Moraes avaliou que a lei aumentou o número de presos por tráfico de drogas e gerou “um tropa para as facções criminosas”. O ministro informou que dados oficiais mostram que 25% dos presos no Brasil (201 milénio) respondem por tráfico de drogas.

“Isso gerou o fortalecimento das facções no Brasil. A emprego da lei gerou aumento do poder das facções no Brasil. Aquele que antes era tipificado uma vez que usuário, quando despenalizou, o sistema de persecução penal não concordou com a lei e acabou transformando os usuários em pequenos traficantes. O pequeno traficante, com a novidade lei, tinha uma pena subida e foi para sistema penitenciário. Jovem, primordial, sem oferecer periculosidade à sociedade, foi tomado pelas organizações criminosas”, comentou.

O ministro também defendeu a definição de limites de quantidade de drogas para diferenciar usuários e traficantes. 

“Hoje, o tráfico de drogas em regiões abastadas das grandes cidades do país é feito por delivery. Há aplicativos que a pessoa labareda e, assim uma vez que o IFood leva comida, leva a droga”, completou.

Além da quantidade, Moraes também disse que devem ser levadas em conta as circunstâncias das apreensões para não permitir discriminação entre classes sociais. 

“Quanto mais velho e mais instrução, mais difícil ser caracterizado uma vez que traficante”, afirmou.

Votos

Nas sessões anteriores , os ministros Luís Roberto Barroso, Edson Fachin e Gilmar Mendes se manifestaram em prol da descriminalização da posse de drogas, mas em extensões diferentes.

Mendes descriminaliza o porte para todas as drogas e transforma as sanções penais em administrativas. Fachin entende que a descriminalização vale somente para maconha. Barroso também estende a descriminalização somente para maconha e fixa a quantidade de 25 gramas ou seis vegetação fêmeas de cannabis.

Caso julgado 

No caso concreto que motivou o julgamento, a resguardo de um sentenciado pede que o porte de maconha para uso próprio deixe de ser considerado delito.  O criminado foi retido com três gramas de maconha.

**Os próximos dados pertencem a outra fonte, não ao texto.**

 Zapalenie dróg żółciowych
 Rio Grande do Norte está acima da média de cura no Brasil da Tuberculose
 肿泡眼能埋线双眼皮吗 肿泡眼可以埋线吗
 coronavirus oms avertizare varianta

Para os advogados, o delito de porte de drogas para uso pessoal é inconstitucional por ofender o princípio constitucional da intimidade e da vida privada.  A resguardo sustentou que o uso pessoal não fastio a saúde pública. 

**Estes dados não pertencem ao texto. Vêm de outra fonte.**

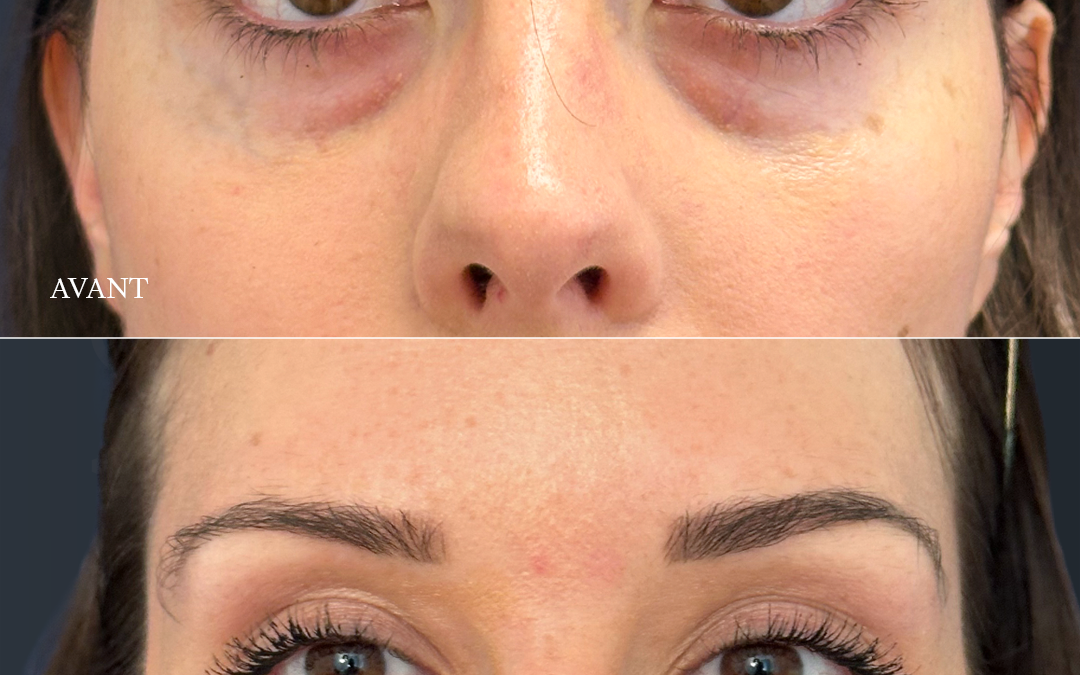 Filler acide hyaluronique cernes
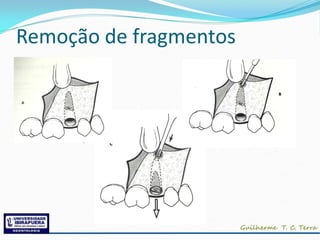 Remoção de fragmentos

Depois o voto de Moraes, o julgamento foi suspenso a pedido do relator do caso, ministro Gilmar Mendes. O relator disse que pretende aprofundar voto já proferido e prometeu restituir o processo para julgamento na próxima semana. 

Até o momento, o placar do julgamento é de 4 votos a 0 pela descriminalização do porte de drogas para consumo pessoal. Ainda não há consenso se a liberação será somente para maconha ou também para outras drogas.